Ce qui est grave, notamment, dans le débat sur la déchéance de nationalité est le mépris des tenants et des opposants à la mesure de ce qu'est le symbolique. Il s'agit de ce qui constitue les liens juridiques et sociaux. Mais le processus de symbolisation ne marche que s'il ne se voit pas. Il y a un piège du symbolique. Il est faible quand il se voit et fort quand il est invisible.

Un député PS nommé Eduardo Rihan Cypel qui se présente comme naturalisé français a expliqué sur la radio France-Inter le sens de la déchéance de nationalité des binationaux (mercredi 13 novembre 2016, diffusé vers 18 h) : celui qui a retourné les armes contre sa propre patrie doit perdre le lien qui l’unit à son pays. La mesure n’aura pas de conséquence pratique, mais elle est symbolique. Il est parfois utile de prendre des mesures qui ne seront pas utilisées. On reconnaît les « éléments de langage » de ceux, à gauche, qui suivent le président Hollande. L’humoriste de France-Inter pour une fois fort sérieux s’étonne : «Je croyais qu’une loi çà devait être utile !». Il est apparemment aisé de contrecarrer ce raisonnement au point de vue juridique : une déchéance de nationalité existe déjà pour ceux qui sont devenus français à leur majorité et elle est très peu employée ; pourquoi l’élargir à des binationaux nés français qui ne vont pas nécessairement être bien accueillis par le pays de leur autre nationalité ; pourquoi compter sur ce pays pour empêcher cette personne de devenir un apatride de fait ou de droit ? Il y a des arguments non juridiques : celui qui aura cessé d’être français n’en restera pas moins et d’autant plus un terroriste potentiel. Il y a des arguments ironiquement humoristiques : peu importe au suicidaire terroriste la perspective de cette déchéance, cent vierges l’attendent au paradis. Pourtant la proposition est toujours là et elle implique une modification de la constitution. Ce serait, dit-on, une mesure symbolique, très rarement appliquée, par conséquent la France ne porterait pas atteinte à ses engagements internationaux de ne pas créer d’apatride. Pourtant cette liste à la Cyrano paraît se heurter au réalisme politique de Hollande et à un raisonnement apparemment fragile, circulaire et tautologique : une mesure inutile mais symbolique est parfois utile. Le débat s’enlise, les arguments de raison peinent à l’emporter. Chacun paraît tenir une position absurde. Qu’est-ce qui se passe ? Il y a un piège symbolique dans lequel les tenants et les opposants paraissent être tombés. Les tenants de la mesure expliquent qu’elle est utile car symbolique et donc inutile tandis que les opposants affirment que la mesure est inutile quoique symbolique donc, disent les tenants, si elle n’est pas dangereuse car inutile pourquoi ne pas la promulguer.
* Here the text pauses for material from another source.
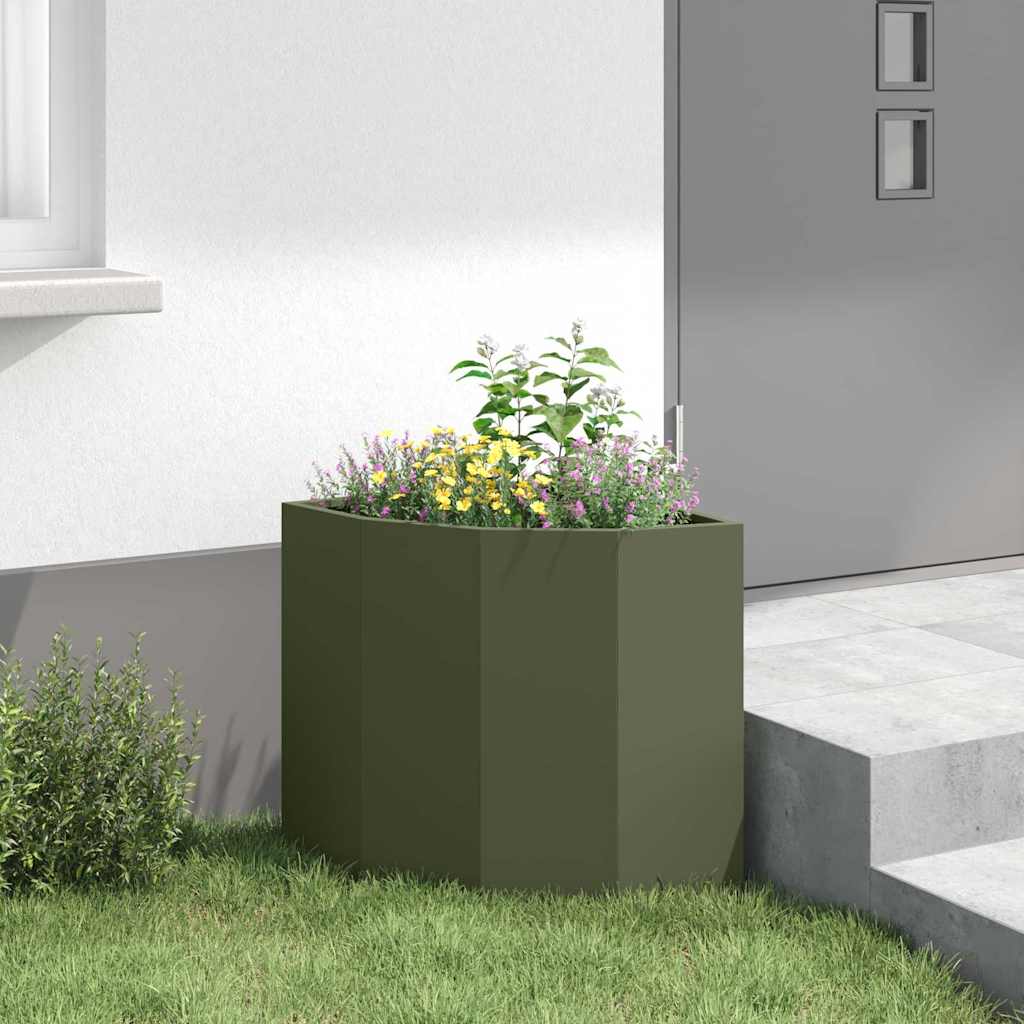 Hoek Plantbak Olijfgroen 45 x 45 x 50 cm Staal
Elle ne peut pas faire de mal.

 

Si elle peut faire mal, très mal, abyssalement mal. Pour le montrer, il faut remettre en cause cette conception partagée du symbolique, cette incompréhension du symbolique. Le point de départ de cette remontée saumonière du courant est précisément ce qu’a d’abord affirmé, sans doute inconscient de ce qu’il disait, le député Cypel : qu’il faut rompre le lien avec celui qui a retourné les armes contre sa propre patrie. Qu’est-ce que ce lien dont il parle ? Le lien de nationalité est un lien juridique qui unit tout français à tout autre français et à une entité abstraite nommée la nation. Un double lien vertical et horizontal fondamental, constitutif de la nation. On comprend alors la nécessité de toucher à la constitution, non pas pour des raisons juridiques de nouveau (la mesure modifiant l’ordonnance de 1945 pourrait prendre la forme d’une loi), mais parce que cette mesure est relative au lien constitutif de notre société. Cela expliquerait que les sondages montrent que les français sont très majoritairement en faveur de cette mesure. On serait tenté de dire : mais alors Hollande aurait-il raison de vouloir modifier la constitution ? Son vrai tort est de dire que la mesure serait symbolique jouant sur les deux sens du mot : sans effet et touchant au fond de la constitution de la société. Il tombe dans le piège du symbolique qui est un terme amphibologique en croyant habilement l’utiliser. Car tout ce qui importe, les liens profonds de la société, peuvent être emportés par le deuxième sens, vain, du symbole.

 

Il est toujours difficile de remonter le courant car le mouvement général donne tort à chaque instant. Remontons justement à l’origine du mot symbole : le symbolon en Grèce antique était un objet de bois ou de céramique coupé en deux, chaque partie était remise à deux personnes ayant un lien juridique. Il servait au moment de la conclusion des traités internationaux mais surtout pour marquer la naissance d’un lien d’hospitalité. Selon Benveniste ce lien d’hospitalité, dans la Grèce antique, était parfaitement juridique et donc obligatoire. On pourrait dire avec notre langage d’aujourd’hui que le symbolon représentait le lien d’hospitalité. On pouvait hériter de ce bout de bois ou d’argile. Le fils d’une partie au lien d’hospitalité pouvait revenir dans la cité où son père s’était rendu et réclamer un accueil. Il apportait alors la preuve de cette obligation en raboutant son bout de bois avec celui détenu par l’ancien obligé de son père. Le député Cypel a donc parfaitement raison de mettre en relation le lien de nationalité et le symbole : celui qui a nié ce lien ne peut plus en quelque sorte invoqué son bout de bois. Le terroriste est justement le tueur de liens donc de symboles, il faut donc symboliquement le déchoir de sa nationalité. Cypel et Hollande auraient-ils donc raison ? Non car dans le même temps ils affirment que la mesure ne serait que symbolique comme si le lien juridique ne valait rien. C’est en ce sens que leur « élément de langage » est piégé et que les conséquences contrairement à ce qu’ils prétendent peuvent être graves puisque leur raisonnement porte atteinte à la solidité des liens qui unissent les français. Leur raisonnement serait plus solide s’ils disaient : le terroriste atteint le lien de nationalité qui a la force du symbolique et il faut lutter contre cette atteinte à notre constitution. Leur raisonnement tiendrait s’il prenait le symbolique au sérieux. Mais alors qu’est-ce qui empêche de le faire, pourquoi ne le font-ils pas ? Car le monde du symbole est très compliqué,  il a ce que l’on peut appeler une force faible, il est fort quand il est invisible, il est faible quand on le voit.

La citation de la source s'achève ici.